The court makes legal decision making (formerly known as child custody) decisions based upon what is in the best interest of the child. Legal decision making can be sole or joint. Legal decision making is the legal right to make the major life decisions for the child, such as decisions pertaining to health, education, and welfare. Sole legal decision making means that the parent with sole legal decision making makes the decisions. Joint legal decision making means that the parents make these decisions together. Some judges will award joint legal decision making, but designate one parent as a final decision maker in the event that the parents cannot agree.
Arizona law requires the court to make the legal decision making decision based upon the child's best interest, taking into account all relevant factors, including the following factors:
1. The past, present and potential future relationship between the parent and the child.
2. The interaction and interrelationship of the child with the child's parent or parents, the child's siblings and any other person who may significantly affect the child's best interest.
3. The child's adjustment to home, school and community.
4. If the child is of suitable age and maturity, the wishes of the child as to legal decision-making and parenting time.
5. The mental and physical health of all individuals involved.
6. Which parent is more likely to allow the child frequent, meaningful and continuing contact with the other parent. This paragraph does not apply if the court determines that a parent is acting in good faith to protect the child from witnessing an act of domestic violence or being a victim of domestic violence or child abuse.
7. Whether one parent intentionally misled the court to cause an unnecessary delay, to increase the cost of litigation or to persuade the court to give a legal decision-making or a parenting time preference to that parent.
8. Whether there has been domestic violence or child abuse pursuant to section 25-403.03.

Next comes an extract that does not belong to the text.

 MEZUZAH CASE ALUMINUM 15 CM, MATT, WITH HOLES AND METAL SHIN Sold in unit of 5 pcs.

9. The nature and extent of coercion or duress used by a parent in obtaining an agreement regarding legal decision-making or parenting time.
10. Whether a parent has complied with the requirement to take a parent information class.

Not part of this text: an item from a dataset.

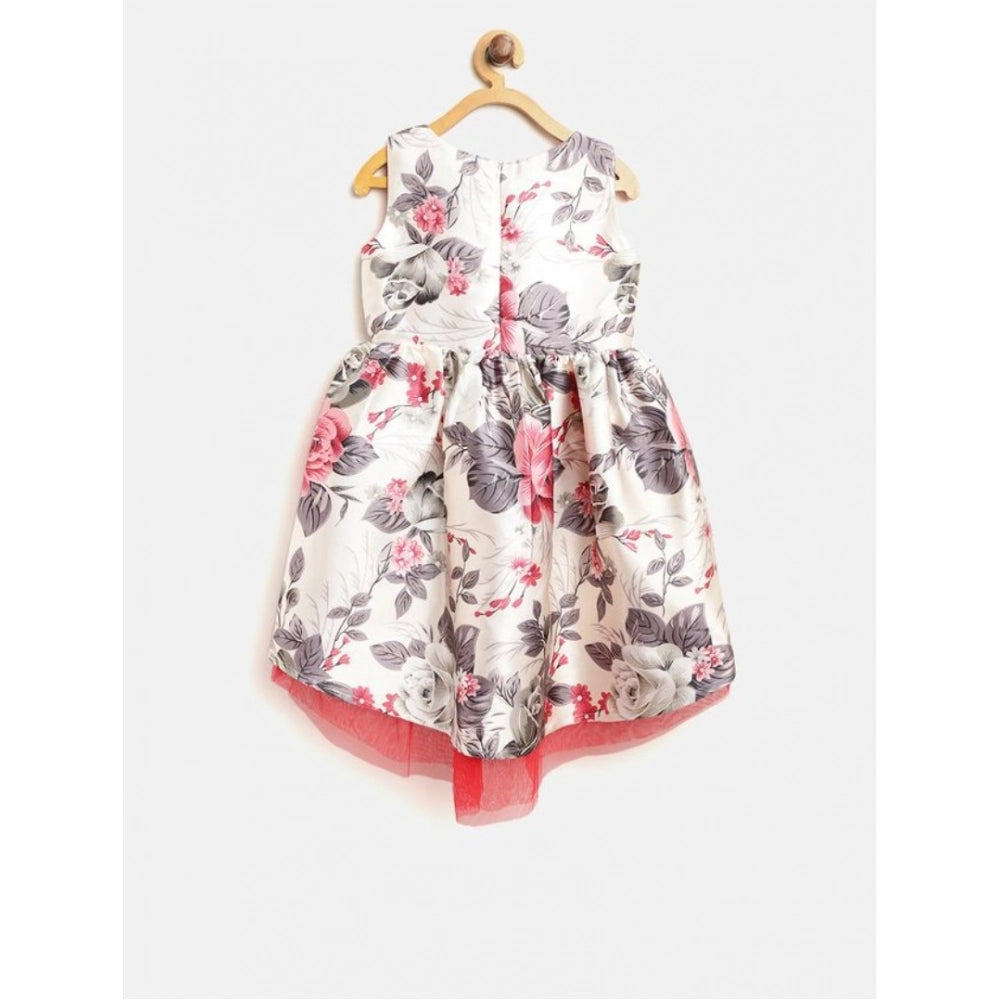 Girl's Polyester &amp; Net Inset Sleeveless Dress with Net Inset - Off White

11. Whether either parent was convicted of an act of false reporting of child abuse or neglect.
No preference is given based on a parent's sex. If legal decision making is contested, all other issues in the case are decided first. Joint legal decision making may be awarded if the parents provide a written agreement and the court finds it's in the best interest of the child.

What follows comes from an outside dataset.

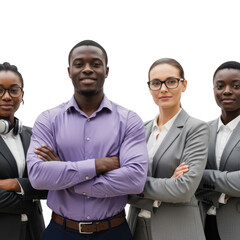 Diverse group of professionals standing together confidently with arms crossed in studio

The court looks at these factors in reviewing a proposed agreement:
- There should be no evidence of coercion or duress
- Parents' ability for ongoing commitment to their child
- The joint legal decision making agreement is logistically possible
A parent who is not granted legal decision making is entitled to visitation provided the child's well-being isn't at risk. The Parent Child Access Guidelines outline the minimum frequency and duration for visitation, barring cause for restrictions. The Guidelines are based on certain premises, including that both parents are fit and desire to have an ongoing relationship with the child and that it is usually in the child's best interest for each parent to have frequent, meaningful and continuing access to the child. In addition, grandparents and great-grandparents may be awarded visitation rights if it is in a child's best interests.
Once the judge signs the legal decision making order and files it with the court clerk, it is binding on both parents. Unless a child is facing serious endangerment, you must wait one year to seek a modification. You can seek modification of joint legal decision making orders at any time based on domestic violence. A six-month wait is required for modification of parenting time if the request is based on failure to comply with the order.